Migrate most shrinker functions to the ir #3962

tybug · 2024-05-01T22:49:50Z

part of #3921.

This is a big one, apologies! Hard to avoid; the remaining functions had cascading dependencies on each other.

I've benchmarked these changes by hooking minimal with derandomize=False and 5 trials (conftest.py, viz script + full results):

latest (d9a077d)

old (f7d0d29)

old (d81d50e)

old (901d636)

Some pretty big dips, unfortunately. I think there are a few contributors here:

doubling up on Integer.shrink from the negative and positive direction (see review comment)
to know whether an ir tree A is better than B ahead of time, we have to convert both to a buffer and sort_key the buffers, which costs a call. This will be improved when we move our ordering function to the ir tree.
I probably messed up migrating some of these shrink passes such that they are less effective now, but it's hard to tell amongst all the other noise (or signal, arguably). (e: exhibit A 😅 901d636)

Conversations of note:

disabling shrinking dfas (Migrate most shrinker functions to the ir #3962 (comment))
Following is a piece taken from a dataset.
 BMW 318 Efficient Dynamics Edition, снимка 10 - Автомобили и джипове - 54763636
tybug · 2024-05-01T22:51:02Z

hypothesis-python/src/hypothesis/internal/conjecture/data.py

@@ -2292,12 +2327,16 @@ def _pop_ir_tree_node(self, ir_type: IRTypeName, kwargs: IRKWargsType) -> IRNode
 # (in fact, it is possible that giving up early here results in more time
 # for useful shrinks to run).
 if node.ir_type != ir_type:
+ # needed for try_shrinking_nodes to see what node was *attempted*
+ # to be drawn.
+ self.invalid_at = (ir_type, kwargs)
 self.mark_invalid(f"(internal) want a {ir_type} but have a {node.ir_type}")


Now that we've moved to a stronger typed representation in the ir, we do pretty badly on a class of problems: crossing typed boundaries. In particular shrinking one_of(A, B) where A has a different type/kwargs than B. Before, we would shrink the integer for one_of causing it to choose A instead of B. A interprets the bits differently than B, but we would get lucky most of the time and find an counterexample; and now that we're in A we do more robust shrinking. In the ir we're much more strict and mark_invalid as soon as we have a misalignment, so the initial coincidental slip from B to A never happens.
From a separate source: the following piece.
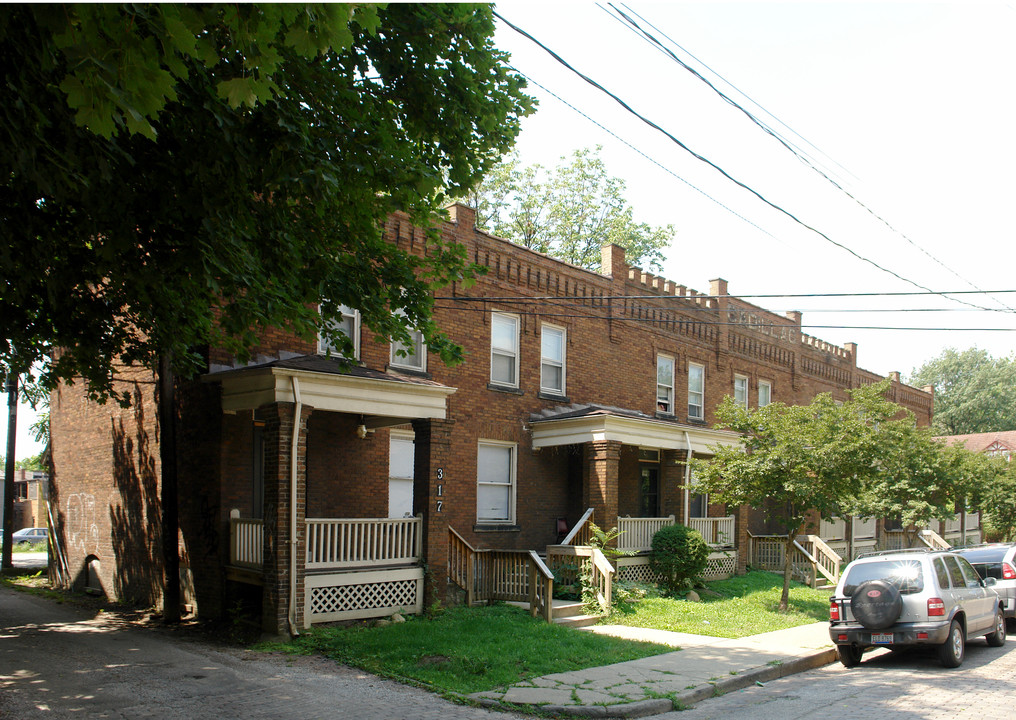 303-317 E 20th Ave in Columbus, OH - Building Photo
One thing that works here is drawing randomly instead of giving up when we hit a misalignment, which I would say is basically equivalent to master behavior.

Concretely:

# condition avoids trivial counterexamples assert minimal(st.integers(101, 200) | st.integers(0, 100), lambda n: n not in [101, 0]) == 102

fails on this branch and passes on master (I'll add this as a test case as well).

idle thoughts: I wonder if a short "randomly generate ir trees smaller than our current value" phase when the shrinker would otherwise exit as stuck would get us out of many of these coincidental slips. Possibly not, since if we didn't have to exploit some fixed structure while shrinking, we likely would have found this counterexample during the generation phase.

I haven’t touched Hypothesis in a few years, so take this with a grain of salt, but I vaguely recall that having the shrinker introduce randomness into the data stream has tended to be a bad idea.

Normally, the shrinker tends to make its input both shorter and simpler over time, despite the fact that (999 random bytes) is technically “smaller” than (1000 zero bytes).

But if the shrinker starts reintroducing randomness, this falls apart, and the shrinker will get obsessed with some high-entropy input because it happens to be shorter the current low-entropy input.

Seconded on this. Specifically the problem that tends to result is that the performance becomes terrible, because you end up repeatedly reintroducing lots of expensive-to-shrink regions in order to make minor size gains.

My guess is that you could possibly fix this with some sort of low-entropy generation mode (e.g. always generate one of the two smallest values for a given type) but I'm not sure how robust that would be and it potentially still has the same problem.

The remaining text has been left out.